単純ヘルペスウイルス(Herpes Simplex Virus; HSV)の感染によって発症します。そのため単純ヘルペスとも言われます。皮膚のどこにでも出うりますが、口唇に出るものを口唇ヘルペス、陰部周囲に出るものを性器ヘルペスと呼んでいます。どちらも再発することが知られていますが、口唇ヘルペスはHSVの1型、性器ヘルペスはHSVの2型による感染・再発が多いです。

HSVは一度感染すると、生涯にわたって神経に潜伏します。現在、潜伏中のウイルスを死滅させる薬は開発されていないため、根治する術はありません。

平常時は、潜伏しているウイルスは免疫によって抑えられていますが、発熱、疲労、ストレス、強い紫外線、外傷などの刺激により一過性に免疫が低下した時などに、ウイルスが活性化して、口唇や陰部に症状が出てきます。

単純疱疹

1.口唇ヘルペス

唇やその周りに、ピリピリするような違和感や痛みを伴いながら、小さな水膨れができます。疲れた時など免疫が下がっている時によく出ます。数年に1回の人もいますし、毎月出るという人もいます。
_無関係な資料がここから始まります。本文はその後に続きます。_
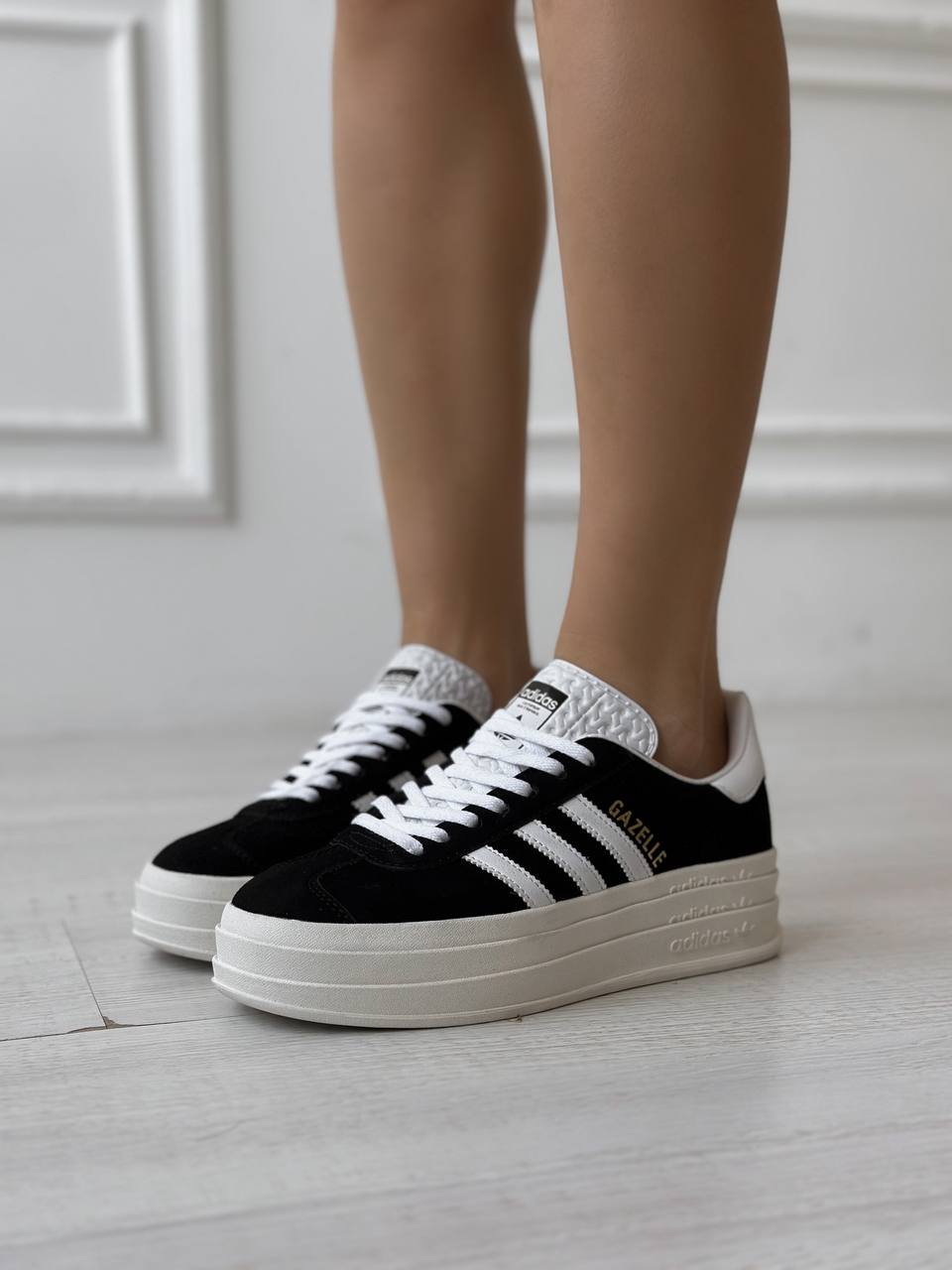 Adidas Gazelle Platform Core Black - oceanhype - 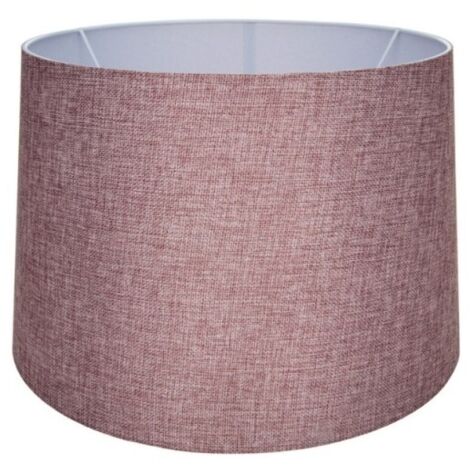 Paralume in tessuto colore rosa - Deco MDL3012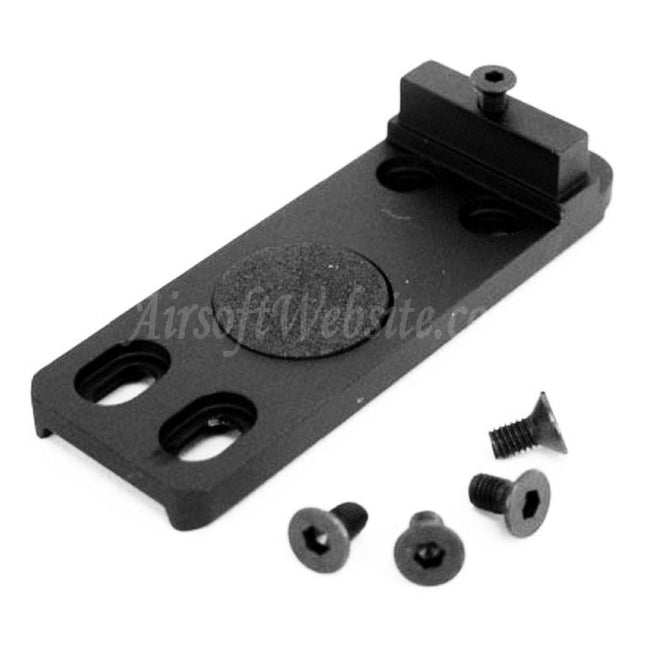 Support de visée arrière en métal 5KU pour pistolets Tokyo Marui série G17 GBB Airsoft, noir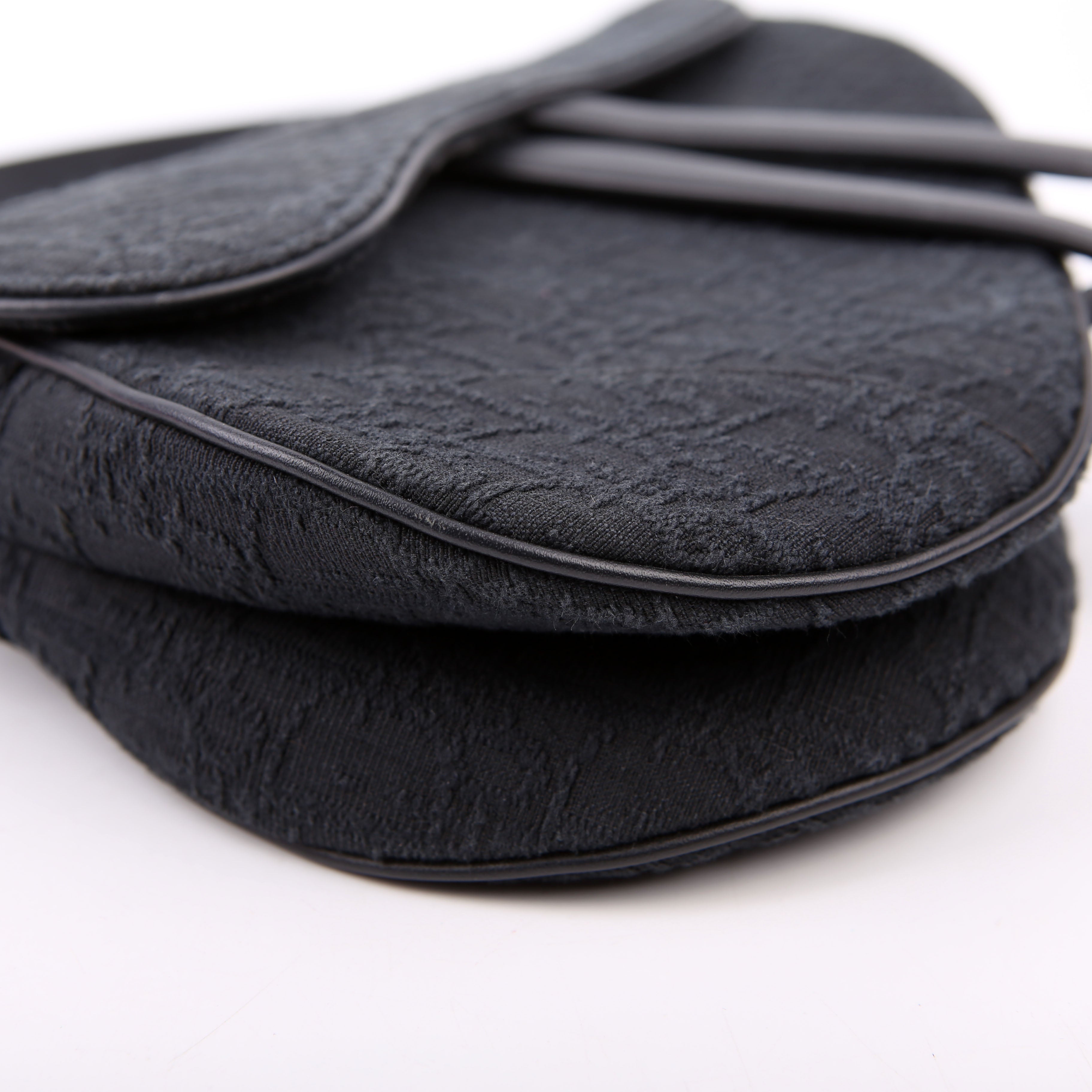 Saddle Bag Oblique Medium Black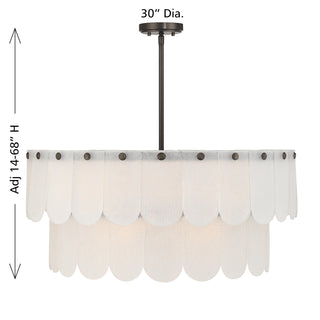 Ashton 10-Light Pendant in Mediterranean Bronze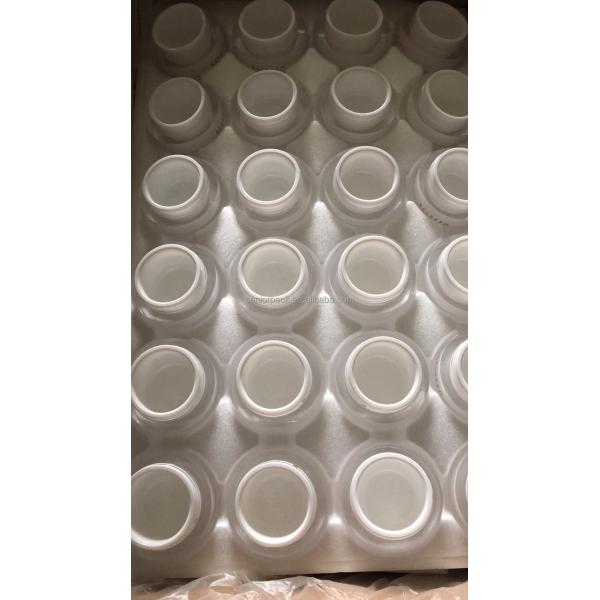 Acrylic Double Wall Nail Gel Jar for Customized Colors Makeup Plastic Cream Jar and Face Hand Hair Skin Care Body Scrub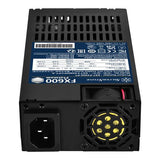 Silverstone FX600 Platinum enhed til strømforsyning 600 W 20+4 pin ATX Flex ATX Sort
初めての場合は、症状が強く出ることが多いです。症状出現時にキスをするとうつりやすいです。

2.性器ヘルペス

陰部や臀部などに、小さな水疱ができ、痛みや痒みなどができる病気です。口唇ヘルペス同様、再発を繰り返します。女性は再発時にも痛みが強い傾向にあります。主に性行為によって感染します。相手への感染を避けるため、少なくとも症状が出ている時は、パートナーとの性行為は避けて下さい。妊娠中に感染したり再発しても赤ちゃんへ感染することはありませんが、分娩時に症状が出ている場合はうつる可能性があります。

治療

ウイルスの増殖を抑える“抗ヘルペスウイルス薬”の飲み薬、塗り薬が主な治療になります。早く治療を開始すればするほどウイルスの増殖が少なくて済みます。再発を繰り返している患者さんは、わかるかもしれませんが、口唇や陰部に症状がでる前日あたりに、予兆を感じることがあります。その段階から薬を服用するPIT(Patient Initiated Therapy)などもありますので、ご相談ください。
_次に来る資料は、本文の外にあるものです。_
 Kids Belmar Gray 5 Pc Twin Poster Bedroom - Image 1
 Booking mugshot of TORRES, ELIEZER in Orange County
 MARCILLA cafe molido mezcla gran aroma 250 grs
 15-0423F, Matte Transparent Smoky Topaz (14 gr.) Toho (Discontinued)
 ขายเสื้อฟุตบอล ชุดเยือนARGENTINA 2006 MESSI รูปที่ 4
PIT(Patient Initiated Therapy)とは

あらかじめ処方してもらったお薬を初期症状(ピリピリ、ムズムズなどの違和感)に基づき患者さんの判断で服用開始する治療方法のことです。
PITは、再発を繰り返す口唇ヘルぺス・性器ヘルぺスの患者さんに対して、 医師が必要性を判断した場合に行われます。